Es gusto de los Estados y Repúblicas que en este mundo son rodearse de ciertos personajes, presentados siempre como virtuosos y espejo del éxito personal, que se elevan a mitos colectivos en una época que ya no cree en los mitos, y con los que el poder trata de desdibujar su naturaleza despótica, clasista, mafiosa y criminal.

La panoplia suele ser amplia, caben desde corredores de coches a entrenadores de fútbol, desde tenistas a cantantes, desde travestis a todólogas… su presencia, como poder junto al poder, se justifica objetivamente bien porque han llegado primeros a la meta, han ganado un mundial, una copa Davis, el festival de Viña del Mar, han eliminado las estrías de su ano o bien se han acostado con todo el mundo.

También suele adornarse el poder con poetas, lo que ocurre, al contrario de con los citados más arriba, es que aquí es imposible apelar a algún elemento objetivo para justificar la elección que se hace, y esto no es nuevo. Ahí está la famosa anécdota de los viajes que emprenden en 1610 tanto el Conde de Lemos como el Duque de Feria a las cortes de Nápoles y París, respectivamente, y para las que se hicieron acompañar de los más famosos poetas de su tiempo, como los enaltecidos Lupercio de Argensola, Gabriel de Barrionuevo, Antonio de Laredo o Francisco de Ortigosa, mientras se dejaban en tierra, silenciados y denostados, a un tal Cervantes o a un Góngora, vistos ambos por la grey del Parnaso con harta desconfianza, uno por vulgar y el otro por ininteligible.

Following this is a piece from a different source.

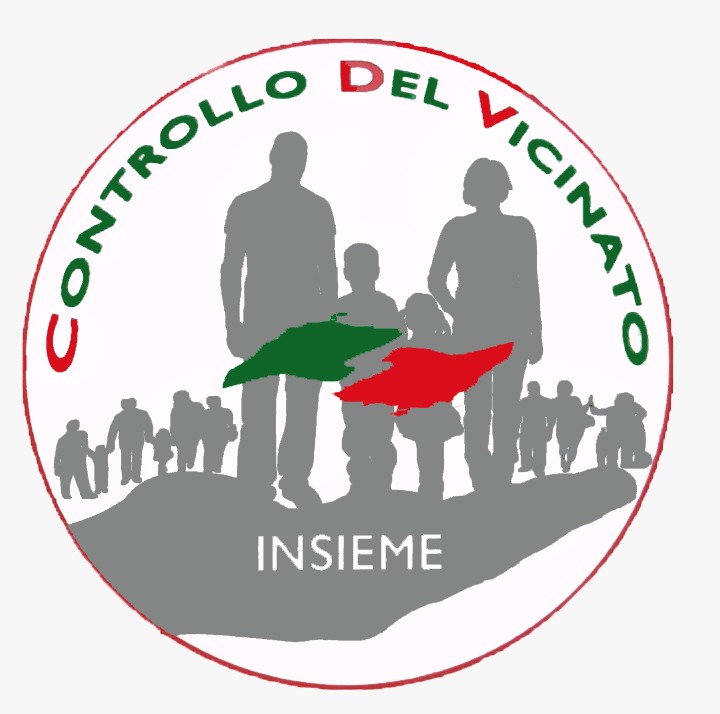 Logo Controllo di Vicinato Insieme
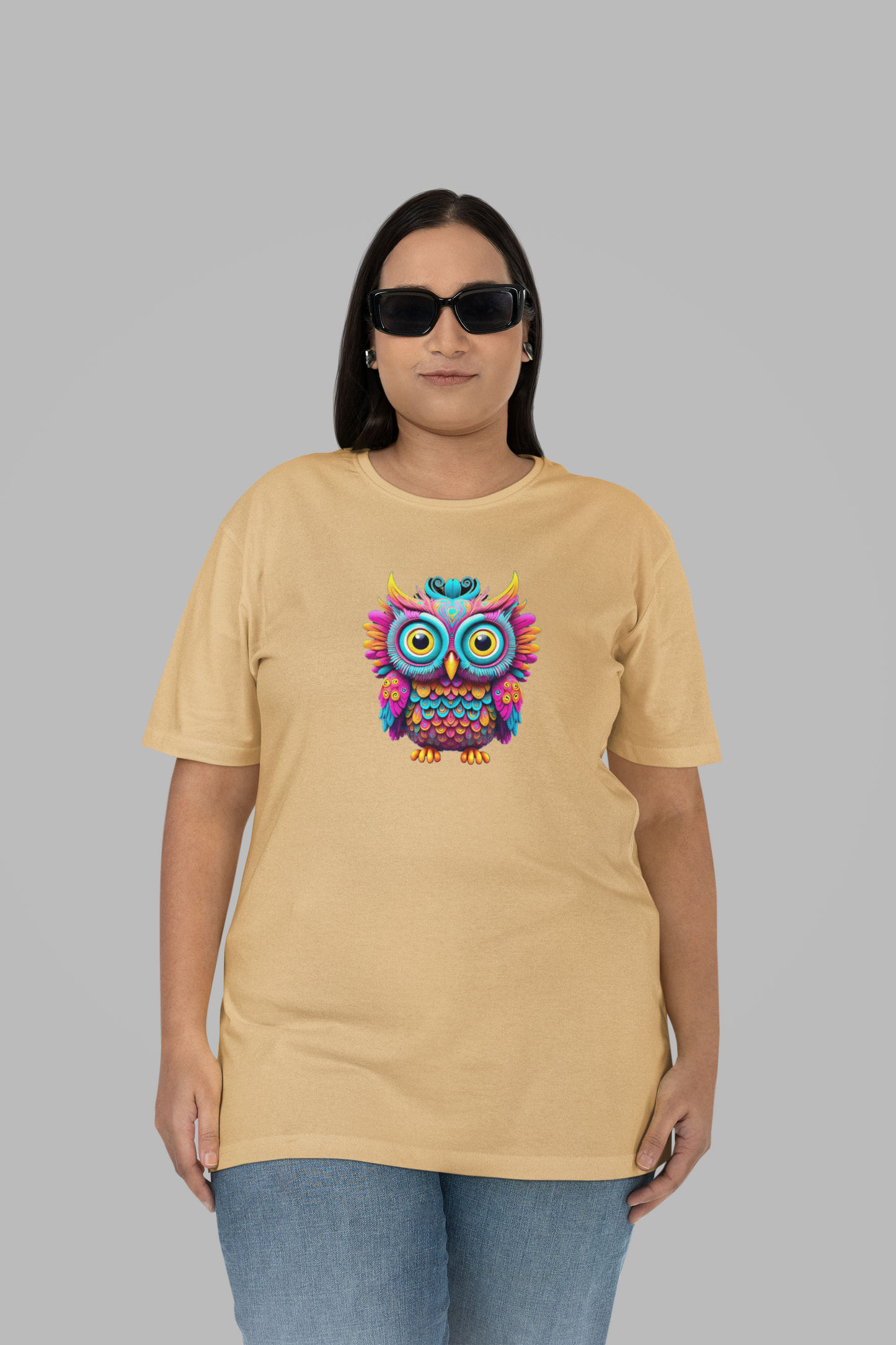 Plus Bannada Gubay T-Shirt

Se podría aducir que eran otros tiempos (aunque la verdad es que, por desgracia, seguimos instalados en esos mismos tiempos, al menos las prácticas no han cambiado), y que en un sistema capitalista lo lógico sería seleccionar al que más libros vende, pero teniendo en cuenta que la gente huye de los libros de poesía este criterio carece de validez, más cuando la edición de un libro de poemas obedece a una intrincada red de factores donde, al final, lo que menos importa son los poemas que contiene.

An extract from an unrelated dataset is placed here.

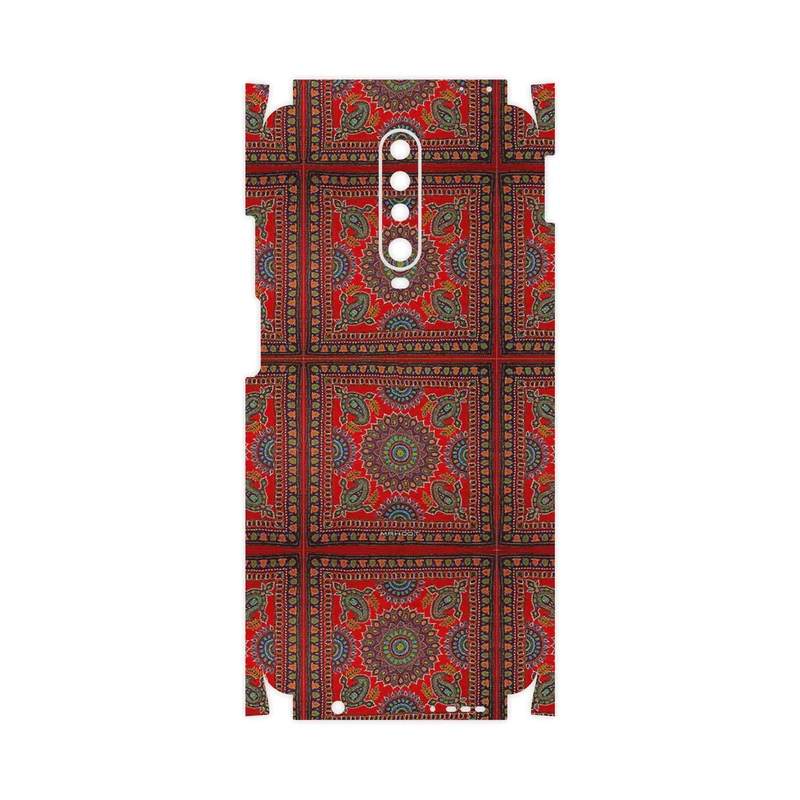 برچسب پوششی ماهوت مدل Embroidered Rug-FullSkin مناسب برای گوشی موبایل شیائومی Redmi K30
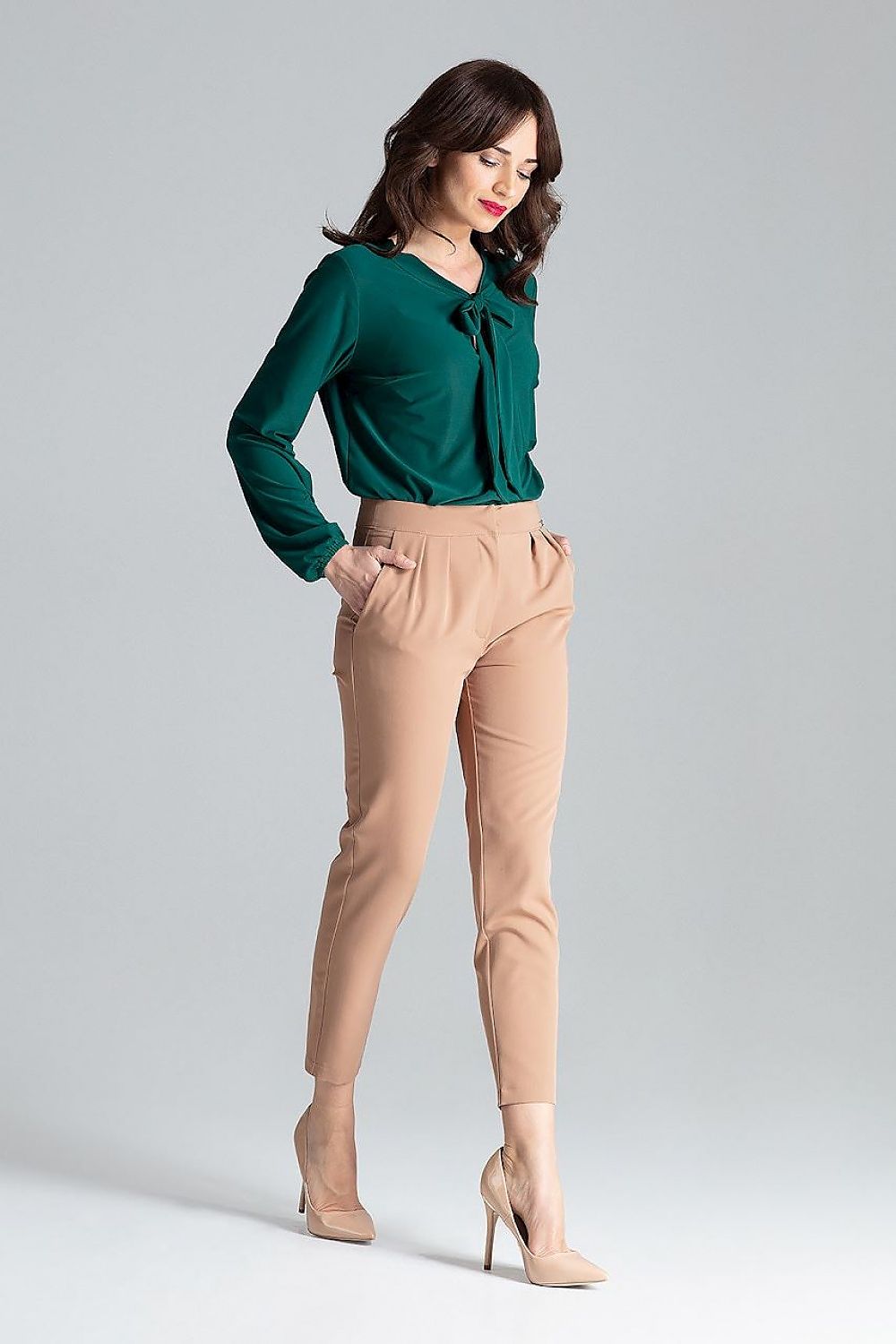  Dámské kalhoty  model 130969 Lenitif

Si la gente comprara poesía es probable que cierto criterio economicista se estableciera y que, independientemente de que nos gustara más o menos lo que se vende (ahí están los best seller), al menos los que después saldrían en las fotos y en los cócteles serían, en efecto, los más vendidos, aunque fueran los más comprados por su capacidad de engañar a la gente, inducirlas a formas y conductas de vida suicidas y distraerlas de lo realmente importante que está sucediendo delante de sus narices, pero esto es otra historia.

De lo dicho, lo único que nos puede consolar es que al menos la poesía que hoy escribe el tonto solemne no engaña a nadie y por eso tal vez nadie se la compra. Tomemos esto, esperanzados, como un síntoma de que no todo está perdido para la cada vez más domesticada gente.

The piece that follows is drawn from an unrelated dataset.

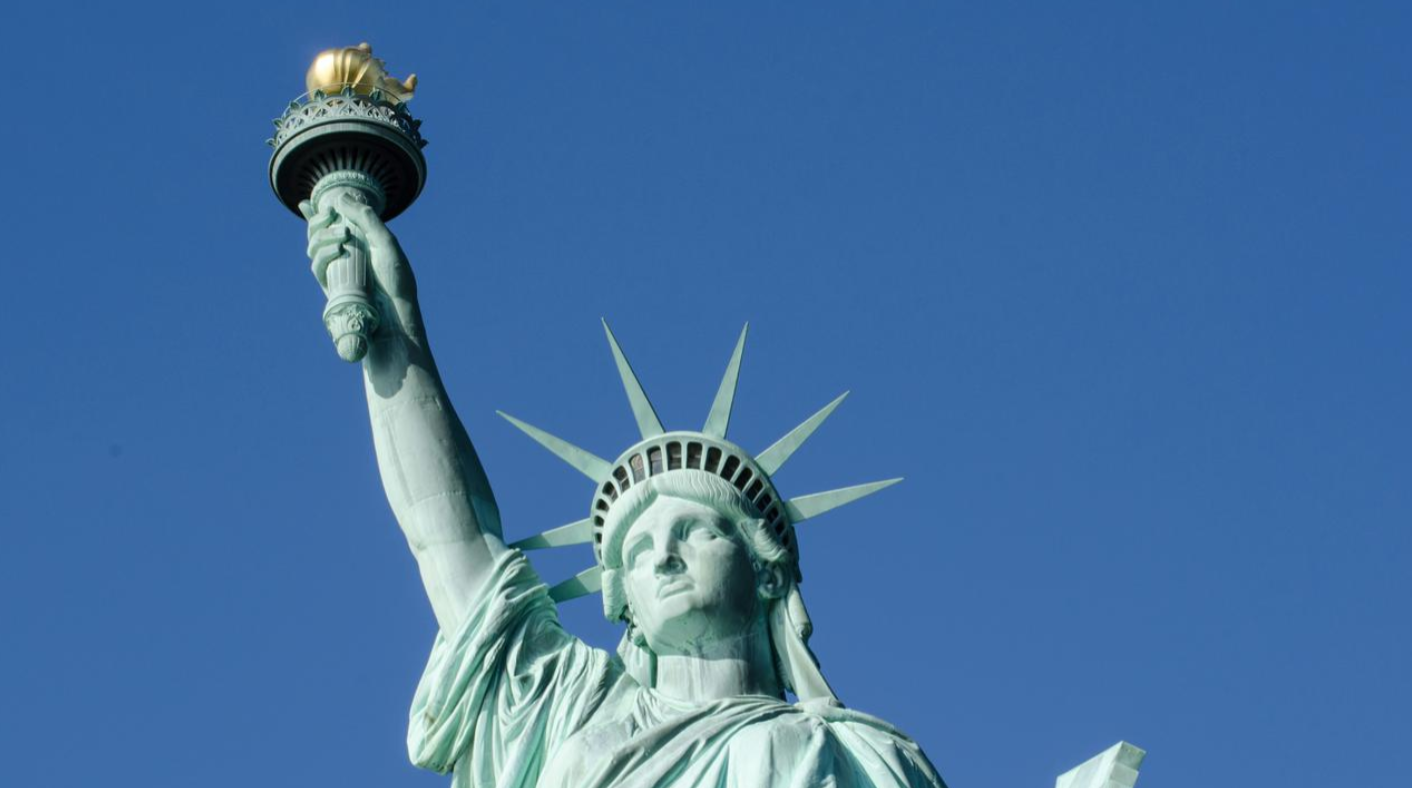 Patung Liberty (dok. Unsplash.com/Samu Lopez)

Imagínense que clase de traje le queda al tonto solemne si se lo hace siguiendo la divina inspiración que le transmite el encontrarse en esos momentos poseído por el espíritu de un sastre manco, en función del gusto de su abuelo que en paz descanse, sobre las medidas exactas recogidas en su propio ombligo, confeccionado con paños del siglo XIX y cortado gracias al sablazo que le pueda dar a su primo el alcalde. Pues eso, que como la red de factores que lo convierten a uno en el tonto solemne real, autonómico o local por excelencia, es tan densa, en poesía como en prehistoria, es mejor hablar del tiempo que de los orígenes. Porque, cuando se escarba, lo que se encuentra es que el tonto solemne de nivel estatal consigue el puesto por ser del mismo pueblo que el que manda; que el tonto solemne autonómico escala porque tenía un correpasillos geiper mejor que el de su contrincante, o era el mejor abrazando farolas o limpiándole el culo al tonto solemne que le precedió en tan alto estatus y que, por eso mismo, se lo dejó en herencia, o porque se tiene un hermano concejal o una prima consejera o amistad carnal con la hija del confesor general de la orden dominica. ¿Qué dónde está aquí la poesía? En ninguna parte, por eso, nosotros, nos acordamos todos los días de ella.